Sciences
À la découverte des mini-chercheurs de Langon
31 août 2016

Une classe de CE2 expérimente la démarche scientifique du monde de la recherche.

« C’est pas grave de faire des erreurs parce que ça t’apprend », pense Manon. Dans la classe de CE2 d’Amélie Vacher à l’école St Exupéry de Langon, les 28 élèves ont l’habitude de s’exprimer et de donner leur avis, comme ce matin, dans le cadre du débat-philo hebdomadaire dont le thème est : « Qu’est-ce que l’on ressent quand on apprend ? ». Lorsqu’il s’agit de présenter le projet scientifique qu’elle mène dans sa classe avec l’appui du Centre de recherches interdisciplinaires (CRI) de l’université Paris-Descartes, Amélie préfère d’ailleurs laisser la parole aux enfants. Non contents de goûter à la philosophie les élèves se sont en effet transformés tout au long de l’année en mini-chercheurs guidés par leur enseignante et par la démarche des Savanturiers proposée par le CRI.

L’éclairage d’un biologiste

Tout chercheur commence à se poser des questions et c’est la boîte à questions recensant toutes les interrogations des élèves qui constitue la première étape. « Il n’y a pas de question taboue, y compris celles ayant trait à la sexualité » précise Amélie, « c’est l’occasion d’aborder avec l’approche et le vocabulaire de la science les thèmes qui ont trait à la vie intime des enfants et ainsi de permettre de les mettre à distance. » Après avoir inventorié, trié les questions, on passe à la formulation d’hypothèses et à la recherche de réponses. Dans les livres, sur Internet, mais aussi, et c’est là un des plus du projet des Savanturiers, en ayant directement recours à un chercheur, en l’occurrence François Taddéi, biologiste, qui dialogue régulièrement en direct avec les élèves par visio-conférence. Et si, malgré tout, des questions restent sans réponse ? Alors les mini-chercheurs mettent en œuvre, comme tout bon scientifique, une démarche expérimentale qui tienne la route pour valider ou infirmer leurs hypothèses, toujours avec le soutien du chercheur associé. « Cette année, la question principale qui nous a mobilisé, ce sont les conditions pour bien apprendre », explique Amélie, « les élèves ont imaginé et mis en place des expériences en faisant varier l’environnement autour des activités d’apprentissage et en mesurant les variations dans les résultats obtenus par les élèves ».

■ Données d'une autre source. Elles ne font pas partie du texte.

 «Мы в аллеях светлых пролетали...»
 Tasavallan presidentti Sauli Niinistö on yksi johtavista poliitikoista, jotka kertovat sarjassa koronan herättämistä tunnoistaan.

Transversalité et interdisciplinarité

Curieux des conclusions de cette recherche ? Il ne vous reste plus qu’à vous connecter sur le site Madmagz pour consulter la brochure rédigée par les élèves qui rend compte de leur travaux. « Le compte-rendu et les publications font partie intégrante du travail du chercheur, ajoute l’enseignante, c’est aussi l’esprit du Congrès des jeunes chercheurs auquel nous venons de participer à Paris. » Voyage à Paris, matériel numérique, aménagement de l’emploi du temps à raison d’une séquence quotidienne d’ateliers consacrés au projet. Comment les apprentis chercheurs trouvent-ils les moyens nécessaires et comment sont-ils perçus par l’environnement de l’école ? « Nous sommes suivis par une mairie très à l’écoute, soutenus par les deux associations de parents et par deux associations locales » répond Amélie. « Les parents d’élèves de la classe que j’informe et associe régulièrement à la vie de la classe sont plutôt ouverts au projet et aux formes de travail particulières que cela induit : travailler par groupe, faire des ateliers par terre... » Sur le plan des contenus, Amélie voit plutôt d’un bon œil la mise en place des nouveaux programmes qui réhabilitent la transversalité et l’interdisciplinarité. « C’est difficile d’évaluer précisément les effets sur les apprentissages, reconnaît-elle, mais mes élèves ont gagné en confiance en eux, se montrent très créatifs et les violences et les tensions dans la classe ont pratiquement disparu. » De quoi conforter l’investissement de la jeune enseignante dans une pédagogie par projets qui ne se limite pas aux Savanturiers. Ses élèves tâtent aussi de la Twictée et sont impliqués dans le projet « Bâtisseurs de possibles ». « Donner du sens aux apprentissages, rechercher ensemble… j’ai besoin de ce type de pédagogie sinon je m’ennuie » reconnaît Amélie qui souhaite maintenant mieux la partager dans l’école malgré la difficulté constante à dégager du temps pour travailler collectivement.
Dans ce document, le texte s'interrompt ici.